Anonymous wrote:
Anonymous wrote:
Anonymous wrote:I always find the research fascinating that a woman with children's domestic work goes UP when there is also an adult male living in the house. Women get no credit for not only managing the house and home but also literally end up taking care of the other adult. And then people on here balk when that's too much and they're not able to hold a great job down too.
Do you know what makes it feasible for women to hold a great job? Men who take on 50% of the domestic responsibilities instead of somehow ADDING TO THEM. it blows my mind the shit deal women are dealt
What about when women marry a rich guy? Arguably, they do far less than if they married a middle class guy--cleaning, much of childcare etc is outsourced. So they do less but get way more--live in a nicer place, better lifestyle for themselves and their off spring.
Sorry, I don't believe Mrs. Bezos deserved even 1% of Jeff's wealth.
So my husband and my's situation is fairly common. we met both working at the same demanding firm in the same role with backgrounds from the same business school and comparable college. So fairly safe to assume we had the same potential. Decided to have kids - for one we juggled a lot and managed, by the time we had #2, something had to give and it was my career. We couldn't raise our children well (to us) and have us both be on the road a lot, both missing dinners regularly, both needing to jump on unexpected client calls during bath time etc. We could have both pulled way back to 40hr per week jobs but then our combined income would probably be about 1/4 of what he makes on his own in a high travel / longer hours job. That actually would have been fine with me but it wasn't with him.
So we now have what looks like a very traditional marriage. His star has risen and mine is in the shitter. I've worked in various roles but no ones is giving the important exciting work to the person that has to be out the door at a certain time no matter what or has to cover all sick days no matter how important a meeting is. I likely have more downtime than him but I also haven't had an uninterrupted nights sleep in 7 years, am always up with a kid by 5:45am, always covering bedtime no matter how run down or sick i may be etc. Even if you outsource cleaning and some child care, the physical toll of the little kid years is real.
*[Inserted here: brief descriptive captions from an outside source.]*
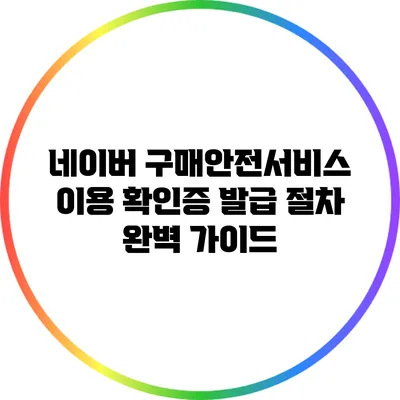 네이버 구매안전서비스 이용 확인증 발급 절차 완벽 가이드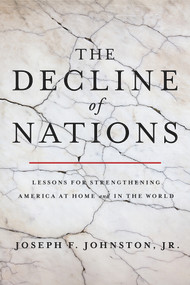 The Decline of Nations (Lessons for Strengthening America at Home and in the World) - 9781645720638 by Joseph F. Johnston, Jr., 9781645720638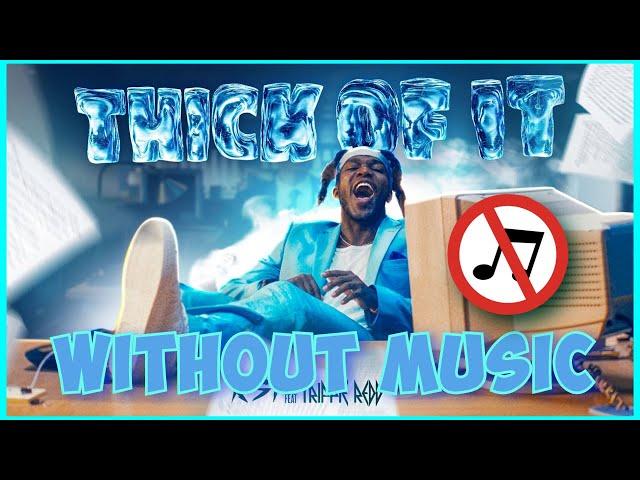 KSI - Thick of it, but with NO MUSIC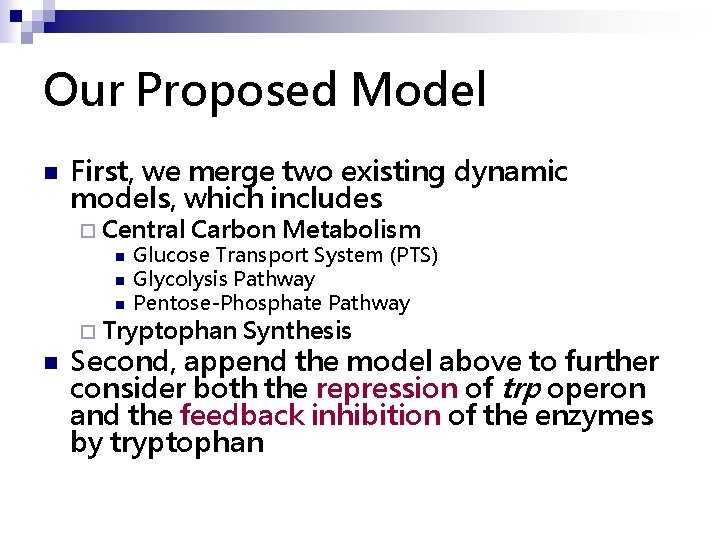 Our Proposed Model n First, we merge two existing dynamic models, which includes ¨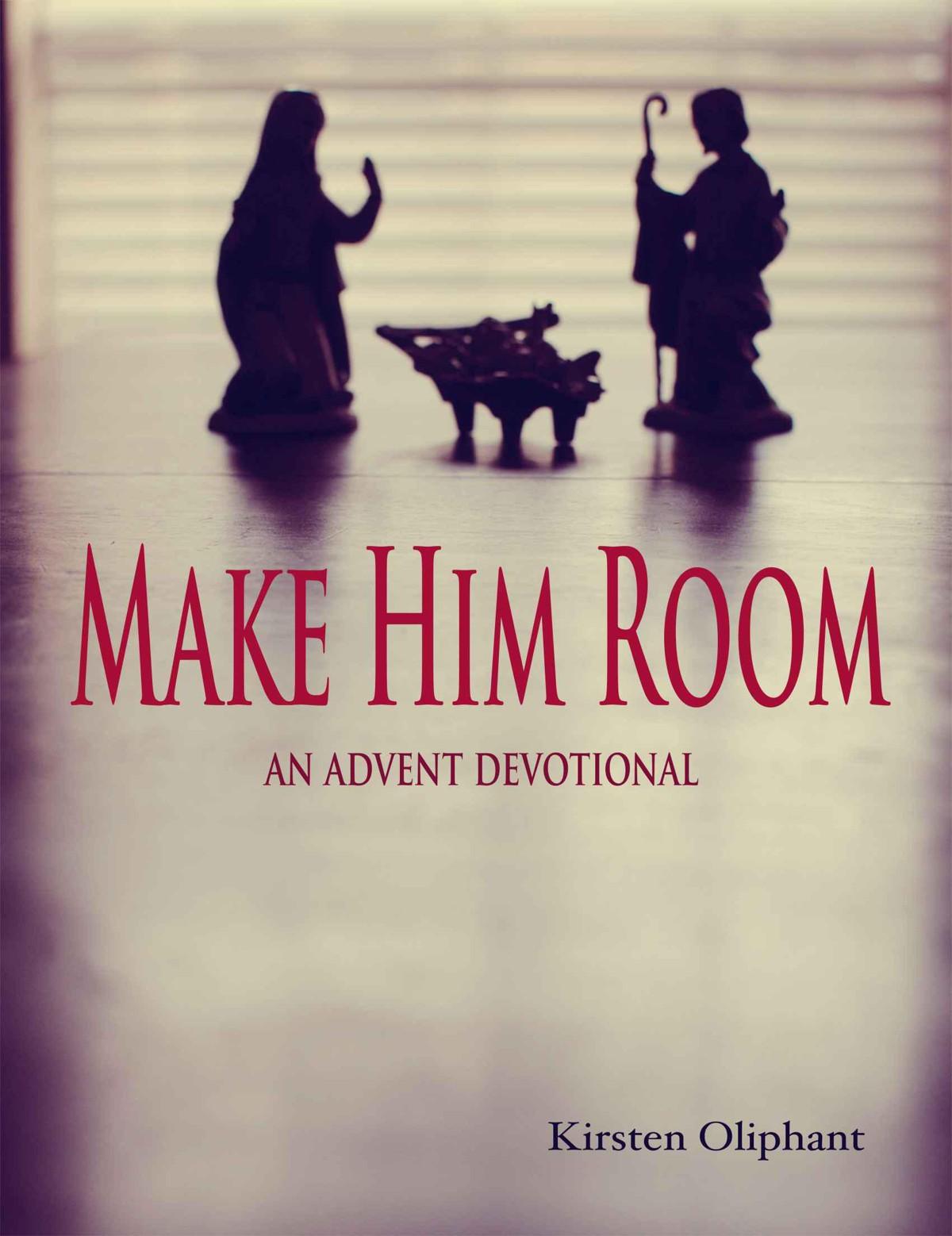 Make Him Room: Advent Devotions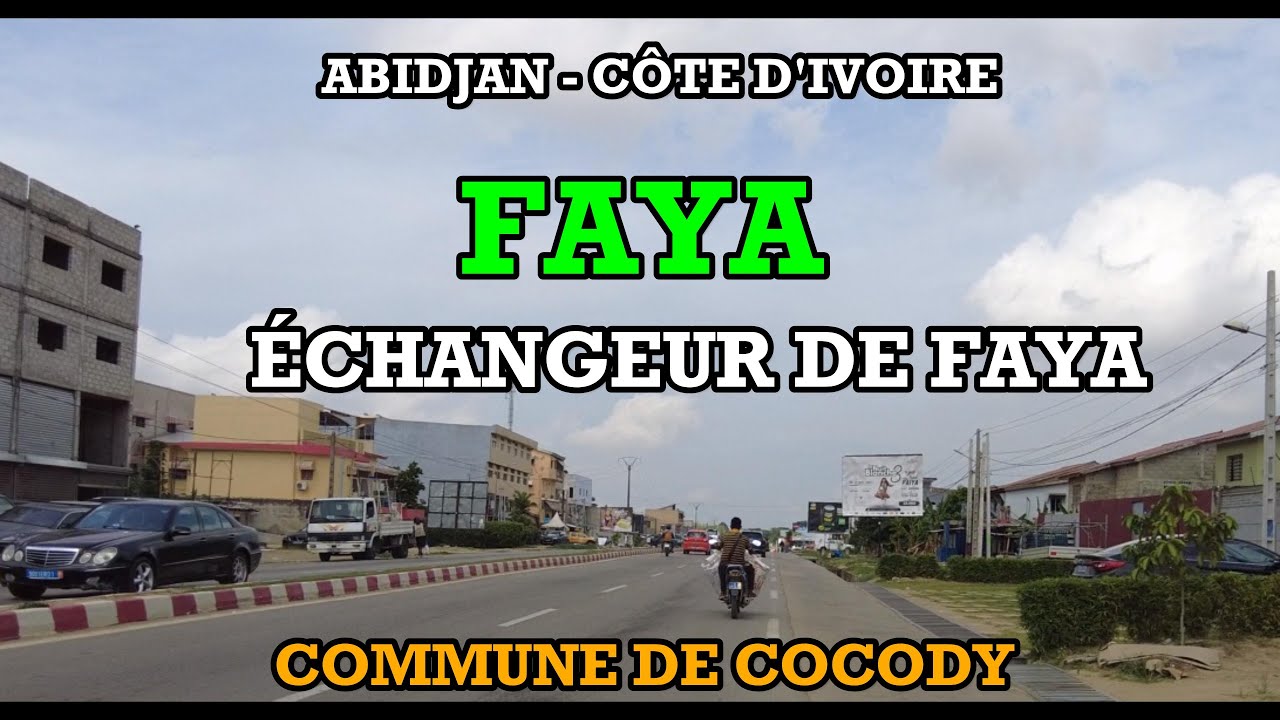 ABIDJAN - Quartier FAYA entre PALMERAIE et BINGERVILLE - (CÔTE D'IVOIRE) Échangeur de FAYA Mai 2025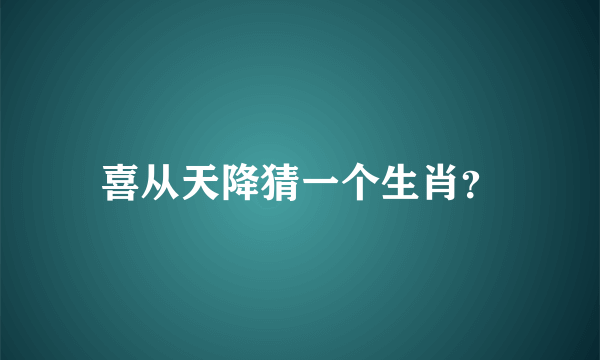 喜从天降猜一个生肖？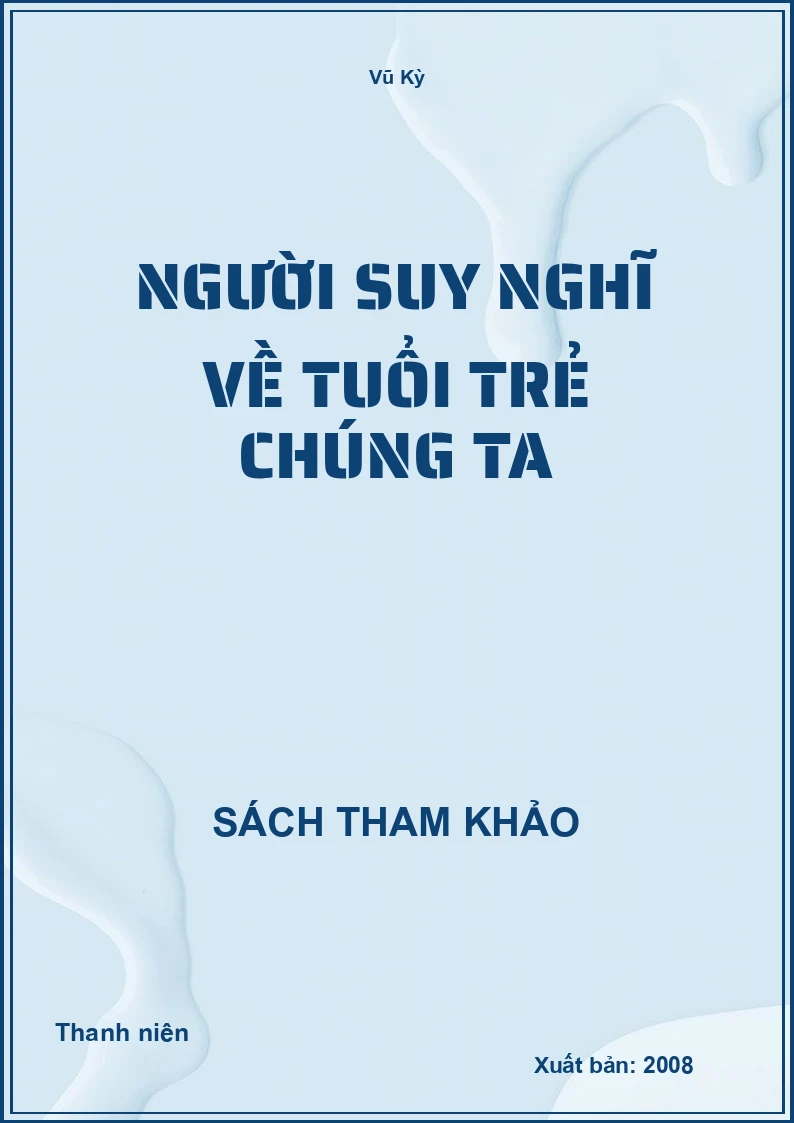 Người suy nghĩ về tuổi trẻ chúng ta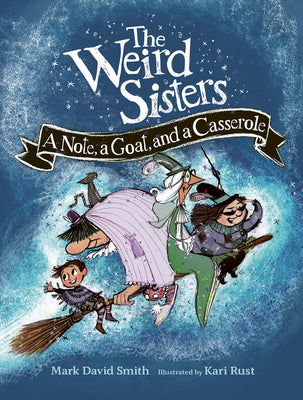 The Weird Sisters: A Note, a Goat, and a Casserole (Weird Sisters Detective Agency, 1)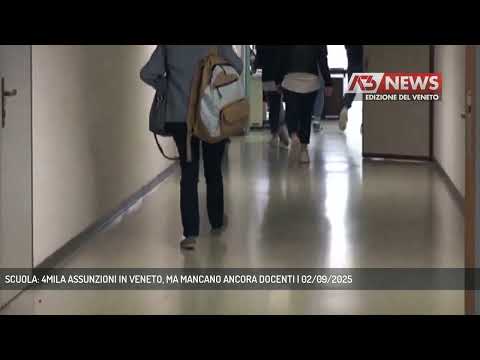 SCUOLA: 4MILA ASSUNZIONI IN VENETO, MA MANCANO ANCORA DOCENTI | 02/09/2025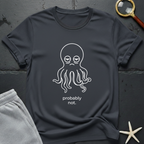 probably not T-Shirt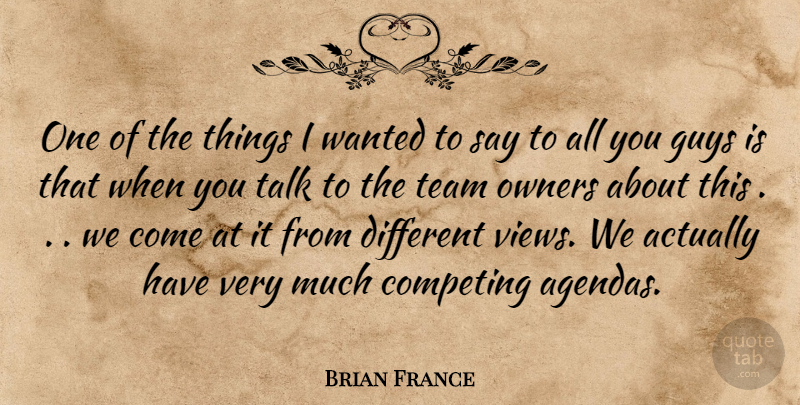 Brian France Quote About Competing, Guys, Owners, Talk, Team: One Of The Things I...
He would not be able to have his career and 3 children if it wasn't for me and what I cover. If we got divorced, he'd have to decide to only have a tiny percent of custody to accommodate his unpredictable schedule or to pull waaaay back professionally to meet the needs of his kids.
I'm not asking for sympathy - we are obviously lucky. But I don't understand at all why i wouldn't deserve 50% of our families assets when we worked and made decisions as a team to acquire them and each took the lumps along with it (for me trashing my career that could have equaled his and for him seeing his kids less than if i'd been the one to keep the career while he pulled back). Would he only deserve 5% of custody since that's his relative contribution to the work of taking care of our kids? We each keep the assets we personally built - money for him and children for me?